There are also flavorful salads with house-made dressings and an array of dips – I saw many of the groups who were sitting around a coffee table enjoying a creamy burrata and bruschetta or a trout dip or a pimento cheese dish. All the food that comes with bread also has the option for a gluten-free focaccia bread, a nice option for accommodating varied tastes and dietary needs.
Some of the most sumptuous offerings, however, are the charcuterie boards. Each one features some combination of preserved meats, cheeses, olives, almonds, pickles, dips, figs, and other flavorful accoutrement, allowing a whole group to nibble their way through the rich and filling options. There’s also a desserts and pastries case that means you don’t have to end on a savory note unless that’s what you want.
I personally wanted to try one of their many wine cocktails – while you can get champagne by the glass or the bottle or order a flight of wines, I was in the mood for the Secret Garden, a perfumy elderflower-themed cocktail that is still mostly champagne, keeping in the spirit of the experience. Other options on the menu looked equally decadent, like the Death in the Afternoon, with a strong anise extract and star anise added to champagne, or the tasty mimosa menu.
I was able to sip by a balcony and peer down into the dining room below, enjoying some good people-watching, but eventually, I was able to wander with my drink, reviewing the many bookshelves and seeing whether I recognized any favorite authors among the many different tomes.
You won’t just find classics, fiction, and business books here, though you will definitely find those.

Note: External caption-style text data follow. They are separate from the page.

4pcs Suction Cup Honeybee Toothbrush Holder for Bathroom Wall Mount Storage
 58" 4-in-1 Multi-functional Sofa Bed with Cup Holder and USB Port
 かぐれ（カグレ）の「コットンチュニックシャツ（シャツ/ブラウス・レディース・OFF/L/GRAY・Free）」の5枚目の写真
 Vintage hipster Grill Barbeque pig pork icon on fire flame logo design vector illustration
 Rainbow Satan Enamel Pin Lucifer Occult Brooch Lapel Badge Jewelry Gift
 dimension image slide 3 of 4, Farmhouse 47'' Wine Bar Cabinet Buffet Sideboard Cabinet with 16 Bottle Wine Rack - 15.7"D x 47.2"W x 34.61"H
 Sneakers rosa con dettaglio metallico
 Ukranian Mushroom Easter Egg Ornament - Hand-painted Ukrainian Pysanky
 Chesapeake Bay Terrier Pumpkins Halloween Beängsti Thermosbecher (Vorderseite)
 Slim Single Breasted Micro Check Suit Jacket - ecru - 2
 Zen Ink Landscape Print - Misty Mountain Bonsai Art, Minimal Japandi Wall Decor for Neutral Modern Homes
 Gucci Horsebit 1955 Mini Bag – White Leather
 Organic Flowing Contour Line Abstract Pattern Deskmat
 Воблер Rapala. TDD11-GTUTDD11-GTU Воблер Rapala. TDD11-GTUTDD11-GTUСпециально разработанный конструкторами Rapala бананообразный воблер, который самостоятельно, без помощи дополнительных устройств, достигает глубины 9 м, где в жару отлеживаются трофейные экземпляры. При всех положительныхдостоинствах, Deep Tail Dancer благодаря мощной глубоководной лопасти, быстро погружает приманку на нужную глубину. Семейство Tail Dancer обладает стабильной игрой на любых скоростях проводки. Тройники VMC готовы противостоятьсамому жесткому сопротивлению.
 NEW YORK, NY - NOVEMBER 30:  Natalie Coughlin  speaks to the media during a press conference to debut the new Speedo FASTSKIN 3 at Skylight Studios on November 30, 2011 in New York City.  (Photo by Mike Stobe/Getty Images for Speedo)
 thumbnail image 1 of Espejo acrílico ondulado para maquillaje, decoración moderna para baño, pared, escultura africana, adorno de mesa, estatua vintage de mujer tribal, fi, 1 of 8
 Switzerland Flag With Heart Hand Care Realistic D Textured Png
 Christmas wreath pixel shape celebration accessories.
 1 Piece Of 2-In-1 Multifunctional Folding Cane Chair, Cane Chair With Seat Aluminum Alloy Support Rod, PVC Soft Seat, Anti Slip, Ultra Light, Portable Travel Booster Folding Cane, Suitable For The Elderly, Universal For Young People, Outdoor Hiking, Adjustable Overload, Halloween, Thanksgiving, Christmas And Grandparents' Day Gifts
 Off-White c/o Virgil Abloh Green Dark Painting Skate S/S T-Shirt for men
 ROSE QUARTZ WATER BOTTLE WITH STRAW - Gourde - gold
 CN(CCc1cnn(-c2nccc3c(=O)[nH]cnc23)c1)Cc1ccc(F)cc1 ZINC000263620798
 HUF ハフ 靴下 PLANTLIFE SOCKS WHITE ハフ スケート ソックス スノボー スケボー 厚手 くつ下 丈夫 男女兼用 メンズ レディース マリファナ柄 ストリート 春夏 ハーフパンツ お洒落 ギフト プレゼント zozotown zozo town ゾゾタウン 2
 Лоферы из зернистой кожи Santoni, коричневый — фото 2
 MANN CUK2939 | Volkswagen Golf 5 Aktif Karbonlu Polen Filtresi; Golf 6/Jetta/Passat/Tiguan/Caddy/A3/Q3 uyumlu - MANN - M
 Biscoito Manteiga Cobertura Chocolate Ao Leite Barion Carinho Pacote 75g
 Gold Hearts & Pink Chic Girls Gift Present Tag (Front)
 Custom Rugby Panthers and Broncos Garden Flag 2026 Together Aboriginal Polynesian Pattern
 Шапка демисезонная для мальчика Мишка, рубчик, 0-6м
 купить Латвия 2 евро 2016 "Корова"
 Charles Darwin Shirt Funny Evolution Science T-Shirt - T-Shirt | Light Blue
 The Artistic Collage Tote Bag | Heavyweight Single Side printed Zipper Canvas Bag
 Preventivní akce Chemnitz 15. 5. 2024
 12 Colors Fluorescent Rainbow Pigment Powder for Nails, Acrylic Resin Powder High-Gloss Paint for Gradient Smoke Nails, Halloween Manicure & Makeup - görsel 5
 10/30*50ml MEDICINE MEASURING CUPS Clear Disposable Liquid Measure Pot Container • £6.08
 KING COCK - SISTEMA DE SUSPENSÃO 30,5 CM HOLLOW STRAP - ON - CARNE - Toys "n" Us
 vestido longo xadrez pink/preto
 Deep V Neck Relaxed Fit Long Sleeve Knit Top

Sections on animals, science, psychology, spirituality, self-help, and foreign language books are all available if you take the twisty path through the shelves and look carefully.
With decor like vintage calendars and many types of sculptures around to keep your visual interest always piqued, you might not notice all the smaller sections on transportation, short stories, and fishing, but you’ll definitely note portraits on the wall, mirrors, unique lamps, and so much more.
Now, there are plenty of book lovers of all ages, but be aware that because this bookstore is also a bar and maintains a particularly full space, they stay 21+ from Friday through Sunday. I imagine that the space changes a bit when the younger set is around, and I certainly wouldn’t trust my own little one not to break something breakable in there.
For younger book lovers that can manage their way around a lamp, though, you can probably make the most of the weekdays when it is less crowded – unless that policy changes at some point and it becomes 21+ at all times.
So, what would I recommend as the best reasons to come to Battery Park Book Exchange? Well, a friend with good taste who is having a birthday get-together would love the combination of an activity like book shopping and a light, flavorful lunch or dinner. It’s a great place for a date with someone who knows a lot of interesting facts and with whom you want to share a great conversation.
Finally, I’d say it’s an unusually good spot to come to by yourself on a quieter afternoon – I personally loved choosing a spot to drink my elderflower-infused champagne and read a book with all those other books watching, impressed. It’s a great place to remember one’s roots, even if, like me, your life typically puts you in more of a space to read audiobooks than antique first editions these days.